Basına rağmen Amerika’da seçimin kazanılamayacağı 1992 Başkanlık Seçimleri’nde iyice gün yüzüne çıkmıştı. O dönem seçimin favori ismi olan baba George H. Bush’un, kimselerin tanımadığı deneyimsiz Arkansas Valisi Bill Clinton’a karşı kaybetmesi ile anlaşıldı. Artık Amerikan seçimlerinde basının desteğini alan ve interneti, sosyal medyayı etkili kullanmayı başaran her kim olursa seçimlerin de favori ismi olacağı kesin.
Seçim sathına giren Türkiye için de durum aynı. Bugünkü tabloda medyaya rağmen seçim kazanılır; ama kayıpları da büyük olur.

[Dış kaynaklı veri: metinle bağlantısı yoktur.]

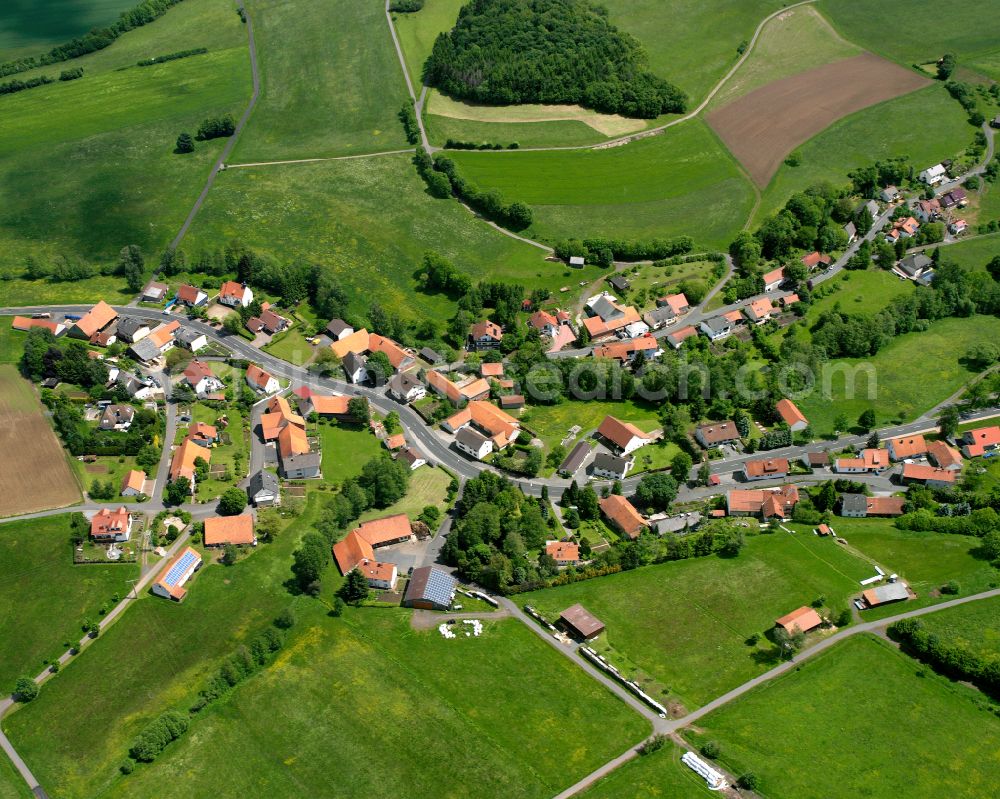 Aerial image Holzmühl - Agricultural land and field boundaries surround the settlement area of the village in Holzmühl in the state Hesse, Germany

Ekonomik başarısızlığı bir tarafa Başkan Obama, ABD tarihinde F.D. Roosevelt’ten sonra işsizliğin yüzde 7’nin üzerinde olmasına rağmen seçilmeyi başaran ilk başkandı. Obama bir kez daha aynı koltuğa oturdu. Bu başarıda medyanın rolü çok büyüktü.
ABD’de her seçim öncesi medya, açıkça hangi partiyi, hangi adayı destekleyeceğini açıklar. Amerika’da merkez medyanın ezici çoğunluğu liberal eğilimli. New York Times, Washington Post, Boston Globe, Los Angeles Times, Chicago Tribune, Christian Science Monitor, CNN, ABC, NBC, MSNBC, CBS vb… Fox News, New York Post gibi televizyon ve gazeteler ise muhafazakârların sesi kulağı olsa da seçimlerdeki gücü sınırlı.

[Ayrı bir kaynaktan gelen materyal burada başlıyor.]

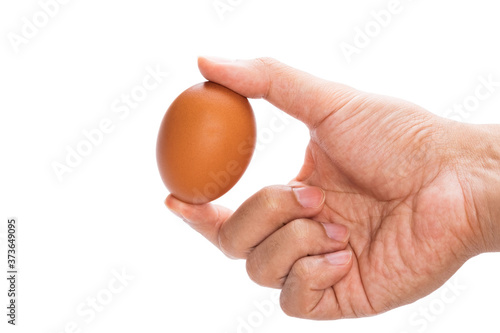 a man's hand hold and show brown chicken egg with two fingers isolated in white background with clipping path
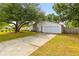 Front exterior of a charming single-story home featuring a long driveway, garage and a well-manicured lawn at 1024 Willowood Ave, Goose Creek, SC 29445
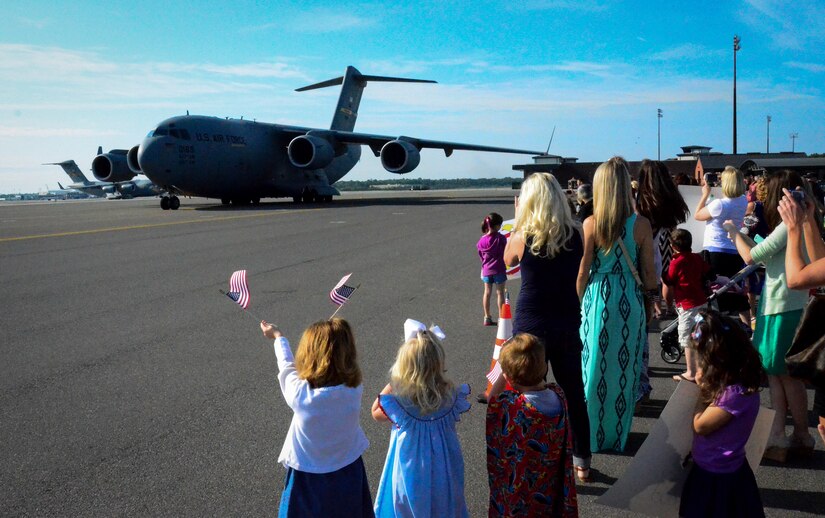 Family members and co-workers await the return of the 17th Airlift Squadron May 3, 2014, at Joint Base Charleston, S.C. The 17th AS is returning from a two-month deployment to Southwest Asia. (U.S. Air Force photo/Staff Sgt. AJ Hyatt)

Yeniden başkan seçildiği 2012’de yapılan araştırmalara göre, Obama hakkında çıkan destek haberlerinin oranı yüzde 36, negatif haberlerin yüzdesi ise 29. Obama’nın rakipleri hakkında çıkan negatif haber oranı ise yüzde 60’a yakın.
Basının seçim üzerindeki etkisi üzerine önceki yıllarda bir araştırmaya imza atan Ulusal Nüfus ve Ekonomik Araştırma Kurumu 1996, 2000 yıllarındaki Başkanlık Seçimleri’nde Fox News kanalının oy üzerindeki etkisini mercek altına almıştı. ‘Medyanın Oy Üzerindeki Etkisi’ başlığıyla yayımlanan araştırma sonucuna göre; 1996’da yayına başlayan Fox News, hem kurulduğu yıl ile 2000 senesindeki Başkanlık Seçimleri’nde ne kadar etkili olduğunu gösterdi. Araştırmada, bugün Amerika’nın en fazla izlenen haber kanalı olan Fox News’in 1996 ‘da yüzde 3 ila 8; 2000 yılında ise yüzde 11 ila 28 oranında Cumhuriyetçi Parti’ye oy kazandırdığı ifade edildi.

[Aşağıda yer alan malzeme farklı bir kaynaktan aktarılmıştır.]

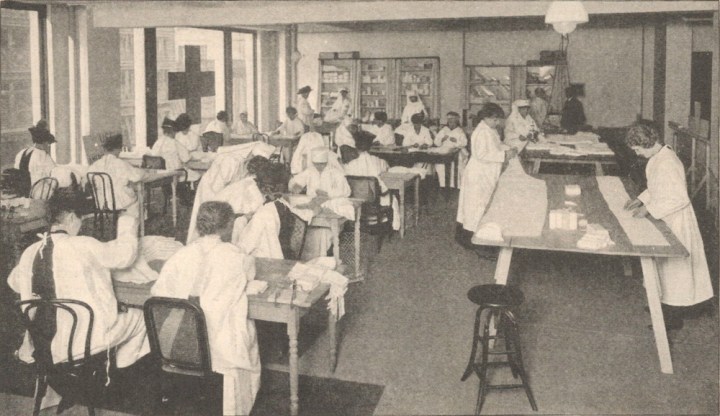 "Throughout the country, in Red Cross chapter, in club, church guild, and small home, women are doing their 'bit' for the soldiers." McCall's Jul 1917 photograph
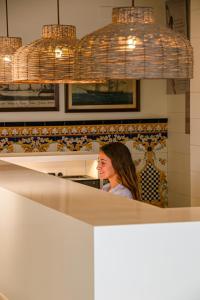 une femme assise à un comptoir dans une cuisine dans l'établissement Hotel Marina, à Roses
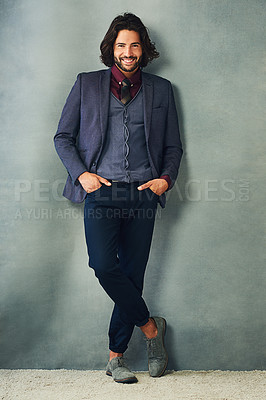 Buy stock photo Studio portrait of a stylishly dressed handsome young man leaning against a gray background with his hand in his pockets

Amerikan basını için artık rutin hale gelen ve her seçim öncesi gazete veya dergilerin, destek verdiği adayı alenen ilân etmesi olağan bir durum. Obama’ya destek veren gazetelerin uluslararası camiada dahi bilinen-tanınan olmaları Başkan’a önemli avantaj sağlıyor. Haftalık gazete ve dergilerin desteği de yine daha çok Obama yönünde. Bu nedenle Obama’nın seçim zaferinin arkasındaki en önemli gücün yerel medya olduğunu söylemek hiç de abartı olmaz.
Amerikan halkının tercihini etkileyebilmek için sandıkta aday olan kişiler, seçim çalışması ve reklamlar için toplam 6 milyar dolar harcıyor. Adayların en büyük harcama kalemlerini televizyon ve gazetelere verilen reklam gideri oluşturuyor.
Türkiye’de de medya organları hangi partiyi destekleyeceğini açıklasa her şey daha şeffaf olacak. Bildiğimiz kadarıyla 40 küsur ulusal gazetemizden sadece 8’i, resmen 7 parti tarafından destekleniyor.